I’ve been thinking about John Wayne, lately. Or thinking about how my thinking about John Wayne has shifted over the years.
Had you asked me, when I was 18 years old, what I thought of the man I’d likely have said, “He’s a joke,” or if I was feeling ornery, “A sick joke.”
That was 1983, and I was watching Ronald Reagan play nuclear brinksmanship with the U.S.S.R. The POTUS was CLEARLY doing a bad impression of the late actor, and the people who’d voted him in were licking it up with a spoon. I was still a kid. It didn’t seem right. I wanted a more reasonable world than the one I was just developing a picture of. This was politics as B-grade cinema. Wayne was emblematic of the problem — hence, I felt hostility to the man himself.
As I and the world survived a few years longer I read several short accounts of the man, written by people whose politics were fairly similar to my own — Roger Ebert and Joan Didion. I expected a savaging. I read two singular accounts of two very smart and erudite individuals who’d been thoroughly charmed by The Duke.
Reading Ebert and Didion I had to conclude that had I been present at the same table there was a real possibility I too might have swooned. More, it was impressed upon me that this was a possibility not to be ruthlessly quashed, even with people whose politics I considered abhorrent — it’s not like Ebert and Didion left the table having changed their minds about Vietnam.
Ebert and Didion’s affection for the man nudged me toward a more generous stance. Wayne’s work was worthy of consideration and even respect, as was the man himself. Be critical, but take care with it. There may be an element of humanity in all this that catches you by surprise.

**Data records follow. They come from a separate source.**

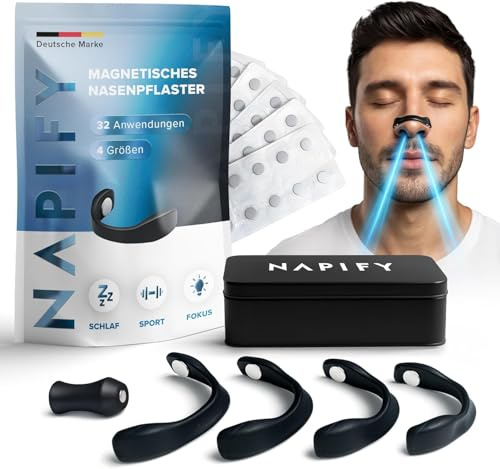 Nasenpflaster Magnet (32 Tage) – Nasenpflaster Magnetisch gegen Schnarchen – Starker Kleber aus Deutschland – für freies Atmen, Sport-Performance & mehr Fokus Anti Schnarch Schnarchstopper-NAP-S2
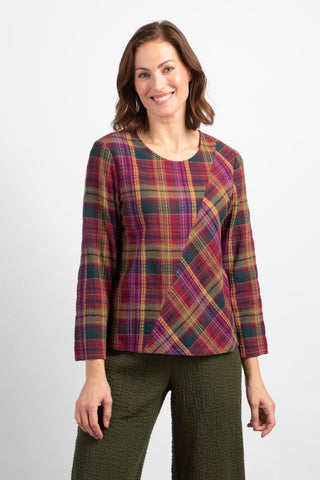 Habitat Windowpane Jacquard Pullover in Forest plaid color scheme. greens, golds, reds and purples.  Contrasting panels along front. Long sleeves, rounded neckline, a-line silhouette.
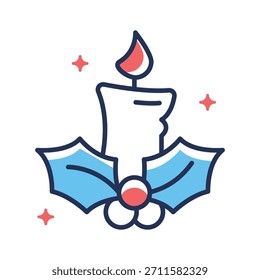 Listo para usar icono de estilo de contorno plano de vela de Navidad ardiente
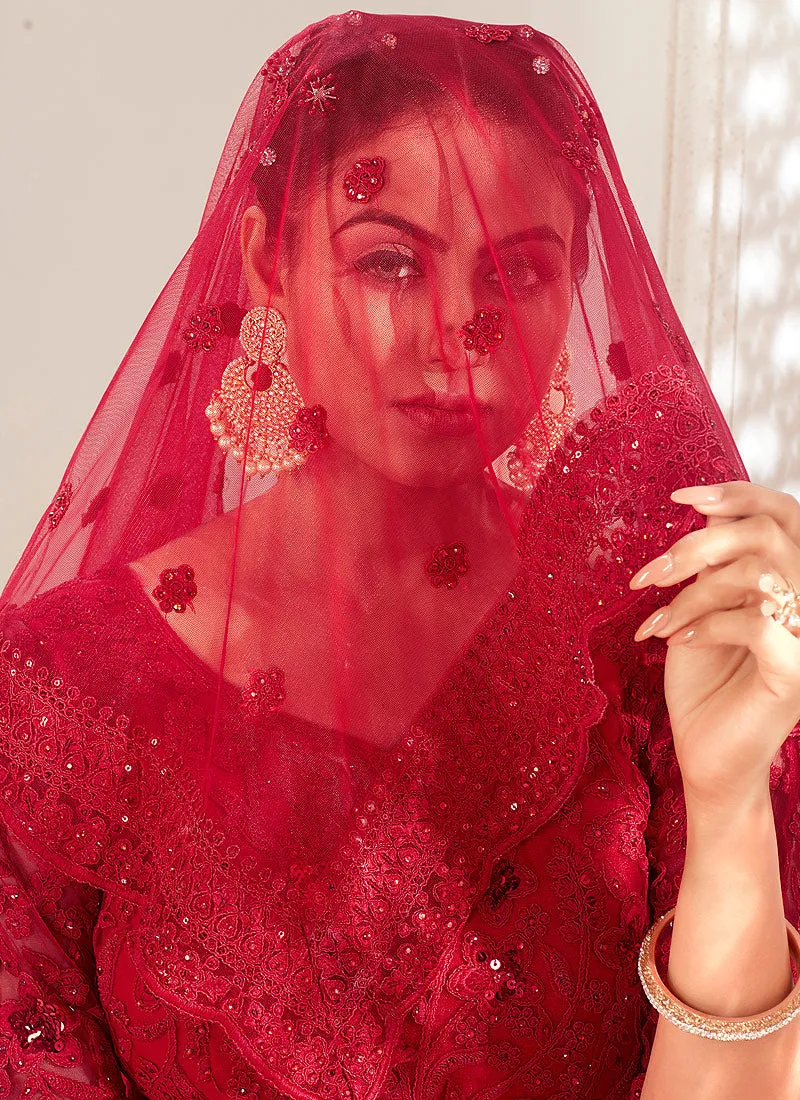 Bridal Red Sequence Embroidered Lehenga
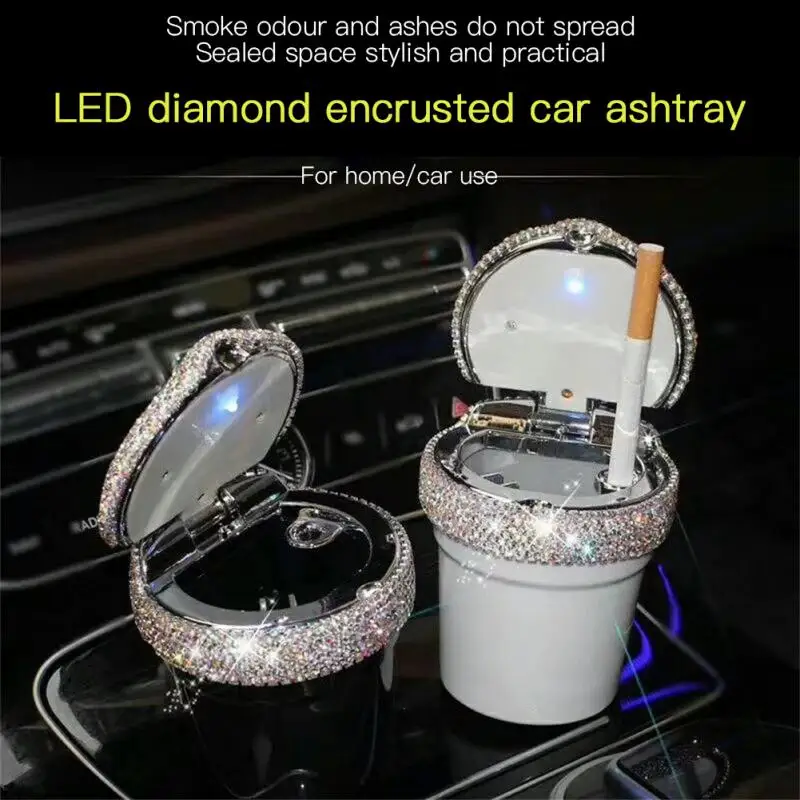 

Multifunctional Smoke Cup Holder Universal Led Car Ashtray With Light Luminous Diamond Led Car Ashtray Car Interior Supplies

John Wayne would not do well in the current environment. Hell, he didn’t do well in his own environment. His convictions re: Vietnam and “Women’s Lib” were wildly out-of-step with the broader culture even in an era as saturated in pitiless violence and reflexive misogyny as 1970s America. But his movies got made, and even lefties could admit to the emotional sway in a send-off flick like The Shootist.
*****
John Wayne’s grandson, Brendan Wayne, works on The Mandalorian. To nearly all intents and purposes he IS the Mandalorian. He has a lovely story about a moment when Billy Dee Williams, curiously enough, channeled the Duke and got the boy moving the way he was meant to.
I haven’t seen so much as a Mandalorian GIF (true say). But everything I’ve read about the show indicates it’s right in my wheelhouse. From '77 to the present I’ve maintained the most compelling elements in the SWU are, in descending order:
- The cynical pirate and his trusty, hairy mate
- The bounty hunters
- The Empire
- The Rebels
- The Jedi
- The Ewoks
It very much sounds like Jon Favreau and company came to a similar conclusion and got the mix right.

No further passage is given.